Masjids play a big part in uniting the community. Often masjids are seen as only somewhere to pray. But the real essence of a masjid lies with how it can bring people together, to allow people to feel like they are part of an ummah. If we look at the role the Prophet’s (saw) masjid in Medinah had, it did much more than allow the early Muslims to pray. It was a learning centre. It wasn’t a mark of architectural excellence, was actually more like a simple hut. But it taught the biggest lessons; it was where people went to know more about Allah.

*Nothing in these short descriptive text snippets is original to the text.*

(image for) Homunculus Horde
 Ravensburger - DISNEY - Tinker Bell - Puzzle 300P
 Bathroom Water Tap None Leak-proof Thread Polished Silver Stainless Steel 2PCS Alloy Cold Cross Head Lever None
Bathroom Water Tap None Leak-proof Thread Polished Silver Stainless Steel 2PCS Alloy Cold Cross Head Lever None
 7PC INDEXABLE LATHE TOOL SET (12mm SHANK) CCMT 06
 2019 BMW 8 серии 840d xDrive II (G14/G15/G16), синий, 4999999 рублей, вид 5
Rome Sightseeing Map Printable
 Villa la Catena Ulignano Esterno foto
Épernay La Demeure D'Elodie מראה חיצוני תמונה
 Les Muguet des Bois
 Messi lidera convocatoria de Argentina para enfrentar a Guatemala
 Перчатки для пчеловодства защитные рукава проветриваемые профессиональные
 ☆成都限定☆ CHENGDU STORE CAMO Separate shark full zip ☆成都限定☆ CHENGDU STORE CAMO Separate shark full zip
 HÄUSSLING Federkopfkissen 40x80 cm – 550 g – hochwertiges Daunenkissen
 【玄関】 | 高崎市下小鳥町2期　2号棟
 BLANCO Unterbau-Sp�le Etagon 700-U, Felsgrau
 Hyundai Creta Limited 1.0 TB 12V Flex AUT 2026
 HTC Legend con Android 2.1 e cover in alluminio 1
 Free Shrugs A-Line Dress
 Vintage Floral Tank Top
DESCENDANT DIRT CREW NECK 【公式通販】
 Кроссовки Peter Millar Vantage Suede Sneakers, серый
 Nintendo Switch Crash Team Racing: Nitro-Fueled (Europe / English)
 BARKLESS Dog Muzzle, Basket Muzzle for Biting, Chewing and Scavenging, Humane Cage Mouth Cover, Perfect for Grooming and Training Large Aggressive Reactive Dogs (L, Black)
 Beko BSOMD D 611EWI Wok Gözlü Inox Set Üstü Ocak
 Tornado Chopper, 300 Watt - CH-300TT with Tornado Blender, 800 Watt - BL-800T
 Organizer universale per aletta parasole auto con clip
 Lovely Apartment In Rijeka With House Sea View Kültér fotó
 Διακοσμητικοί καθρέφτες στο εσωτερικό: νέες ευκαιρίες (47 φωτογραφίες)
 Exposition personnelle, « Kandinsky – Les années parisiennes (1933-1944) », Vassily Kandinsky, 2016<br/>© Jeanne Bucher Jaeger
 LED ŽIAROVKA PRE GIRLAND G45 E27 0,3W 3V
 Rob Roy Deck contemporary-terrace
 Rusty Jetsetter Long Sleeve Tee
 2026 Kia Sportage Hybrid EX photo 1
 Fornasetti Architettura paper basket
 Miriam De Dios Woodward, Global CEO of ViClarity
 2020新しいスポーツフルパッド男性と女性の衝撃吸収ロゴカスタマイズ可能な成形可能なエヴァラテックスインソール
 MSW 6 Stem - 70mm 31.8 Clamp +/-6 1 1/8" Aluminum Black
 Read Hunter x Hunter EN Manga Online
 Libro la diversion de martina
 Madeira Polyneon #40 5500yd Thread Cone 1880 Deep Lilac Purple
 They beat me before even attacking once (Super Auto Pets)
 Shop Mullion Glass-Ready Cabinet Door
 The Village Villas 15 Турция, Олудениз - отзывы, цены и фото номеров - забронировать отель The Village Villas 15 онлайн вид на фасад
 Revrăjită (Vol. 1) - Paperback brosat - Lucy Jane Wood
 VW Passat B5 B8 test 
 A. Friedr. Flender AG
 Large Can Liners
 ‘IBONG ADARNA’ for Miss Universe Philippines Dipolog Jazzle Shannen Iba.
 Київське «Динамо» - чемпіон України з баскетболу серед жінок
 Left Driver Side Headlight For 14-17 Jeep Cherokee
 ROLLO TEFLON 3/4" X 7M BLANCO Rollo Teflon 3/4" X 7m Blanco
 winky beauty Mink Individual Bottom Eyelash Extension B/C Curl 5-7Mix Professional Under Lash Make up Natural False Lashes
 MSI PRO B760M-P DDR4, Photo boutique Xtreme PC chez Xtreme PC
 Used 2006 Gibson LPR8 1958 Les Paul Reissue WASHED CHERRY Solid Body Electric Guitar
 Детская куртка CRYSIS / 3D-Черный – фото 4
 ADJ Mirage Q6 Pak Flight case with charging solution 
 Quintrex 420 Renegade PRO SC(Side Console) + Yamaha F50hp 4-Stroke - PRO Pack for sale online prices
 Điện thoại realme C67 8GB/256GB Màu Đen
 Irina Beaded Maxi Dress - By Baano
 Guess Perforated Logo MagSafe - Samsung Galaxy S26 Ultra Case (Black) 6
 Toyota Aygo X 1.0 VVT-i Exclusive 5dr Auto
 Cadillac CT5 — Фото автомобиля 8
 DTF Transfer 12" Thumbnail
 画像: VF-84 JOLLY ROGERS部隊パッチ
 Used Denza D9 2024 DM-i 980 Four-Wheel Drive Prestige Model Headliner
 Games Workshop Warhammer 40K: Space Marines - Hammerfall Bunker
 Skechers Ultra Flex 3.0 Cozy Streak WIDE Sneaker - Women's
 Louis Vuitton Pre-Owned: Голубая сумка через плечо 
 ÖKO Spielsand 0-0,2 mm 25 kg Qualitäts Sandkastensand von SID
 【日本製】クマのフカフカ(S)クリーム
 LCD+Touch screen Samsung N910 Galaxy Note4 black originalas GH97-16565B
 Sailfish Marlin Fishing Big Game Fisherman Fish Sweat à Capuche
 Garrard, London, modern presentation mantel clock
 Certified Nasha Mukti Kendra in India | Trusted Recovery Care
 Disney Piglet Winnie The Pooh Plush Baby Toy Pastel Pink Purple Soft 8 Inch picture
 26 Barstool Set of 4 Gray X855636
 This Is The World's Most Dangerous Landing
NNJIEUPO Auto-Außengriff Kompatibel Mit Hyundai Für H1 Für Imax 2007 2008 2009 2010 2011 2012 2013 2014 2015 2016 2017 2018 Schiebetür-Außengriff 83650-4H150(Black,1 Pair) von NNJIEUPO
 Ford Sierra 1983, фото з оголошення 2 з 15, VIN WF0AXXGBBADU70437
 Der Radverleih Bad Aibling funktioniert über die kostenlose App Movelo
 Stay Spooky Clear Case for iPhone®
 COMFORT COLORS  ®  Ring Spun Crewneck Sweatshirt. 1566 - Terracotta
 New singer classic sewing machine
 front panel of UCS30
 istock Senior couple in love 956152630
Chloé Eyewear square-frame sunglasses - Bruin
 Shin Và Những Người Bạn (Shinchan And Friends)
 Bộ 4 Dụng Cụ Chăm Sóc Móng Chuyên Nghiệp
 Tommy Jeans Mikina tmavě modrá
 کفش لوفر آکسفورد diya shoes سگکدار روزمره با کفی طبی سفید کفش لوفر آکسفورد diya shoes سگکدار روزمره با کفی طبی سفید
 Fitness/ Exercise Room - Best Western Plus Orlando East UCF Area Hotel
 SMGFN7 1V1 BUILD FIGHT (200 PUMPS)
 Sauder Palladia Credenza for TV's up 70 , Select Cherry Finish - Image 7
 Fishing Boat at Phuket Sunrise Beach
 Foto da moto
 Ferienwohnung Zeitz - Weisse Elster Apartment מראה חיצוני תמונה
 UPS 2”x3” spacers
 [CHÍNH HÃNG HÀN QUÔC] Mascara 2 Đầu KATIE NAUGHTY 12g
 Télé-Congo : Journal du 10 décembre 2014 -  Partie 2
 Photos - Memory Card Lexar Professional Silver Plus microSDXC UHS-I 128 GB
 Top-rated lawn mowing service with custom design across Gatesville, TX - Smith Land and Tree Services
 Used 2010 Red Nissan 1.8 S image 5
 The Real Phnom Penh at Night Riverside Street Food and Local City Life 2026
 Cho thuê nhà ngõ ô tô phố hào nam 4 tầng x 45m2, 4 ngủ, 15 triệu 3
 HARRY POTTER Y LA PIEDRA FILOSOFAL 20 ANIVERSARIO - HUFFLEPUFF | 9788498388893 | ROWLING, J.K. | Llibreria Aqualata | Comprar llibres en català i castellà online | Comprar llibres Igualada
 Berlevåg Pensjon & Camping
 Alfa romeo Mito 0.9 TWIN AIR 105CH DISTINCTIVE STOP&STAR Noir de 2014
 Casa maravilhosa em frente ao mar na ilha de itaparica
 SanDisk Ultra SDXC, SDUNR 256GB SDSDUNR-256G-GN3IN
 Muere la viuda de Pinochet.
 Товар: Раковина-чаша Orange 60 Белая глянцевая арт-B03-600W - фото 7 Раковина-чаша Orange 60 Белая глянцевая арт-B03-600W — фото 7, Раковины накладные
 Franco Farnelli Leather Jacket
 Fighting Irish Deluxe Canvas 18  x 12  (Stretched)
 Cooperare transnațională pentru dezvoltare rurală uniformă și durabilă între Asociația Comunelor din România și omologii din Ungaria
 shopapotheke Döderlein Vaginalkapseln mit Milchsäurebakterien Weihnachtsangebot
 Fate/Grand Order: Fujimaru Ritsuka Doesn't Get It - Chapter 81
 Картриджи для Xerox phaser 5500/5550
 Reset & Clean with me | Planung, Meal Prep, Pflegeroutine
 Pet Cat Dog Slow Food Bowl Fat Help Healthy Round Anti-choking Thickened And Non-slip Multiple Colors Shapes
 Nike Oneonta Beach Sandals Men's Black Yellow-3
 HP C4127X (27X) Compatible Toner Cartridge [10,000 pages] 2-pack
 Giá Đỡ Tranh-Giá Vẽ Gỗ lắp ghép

It is very sad, that in some Muslim communities the masjid is just for the men. I’ve heard of scary stories where sisters have been asked to pray outside in the car park because they’re not allowed in the masjid (real story about someone I actually know). Some of these masjids are massive – and yes, I agree that the best place for a woman to pray is at home – but the best place for a woman to learn is probably the masjid.
No masjid committee is probably reading this, but I wish they did. I wish we could tell them to do more for us. Women, who are mothers, daughters, wives need their masjids to do things for them. We have the big responsibility of nurturing and bringing up a whole generation of future Muslims, please think about that when you sit to make decisions about what happens in a masjid.
I think I’ve gone off track now. So coming back to how this masjid has helped me make this city my home. Well, I now feel I can go somewhere and not be judged by the language my parents speak or the shade of the South-Asian skin colour I have. I feel I belong not because of anything else but my faith. And I love it.
I think I see a light at the end of the tunnel – I think I might slowly be able to make this my home. I’m slowly feeling less isolated away from my family and friends – I think I feel a lot more positive about living here now. And all because a masjid allowed me to feel Muslim.
Please remember me in your duas – much love and duas to the Ummah I am so happy to be a part of.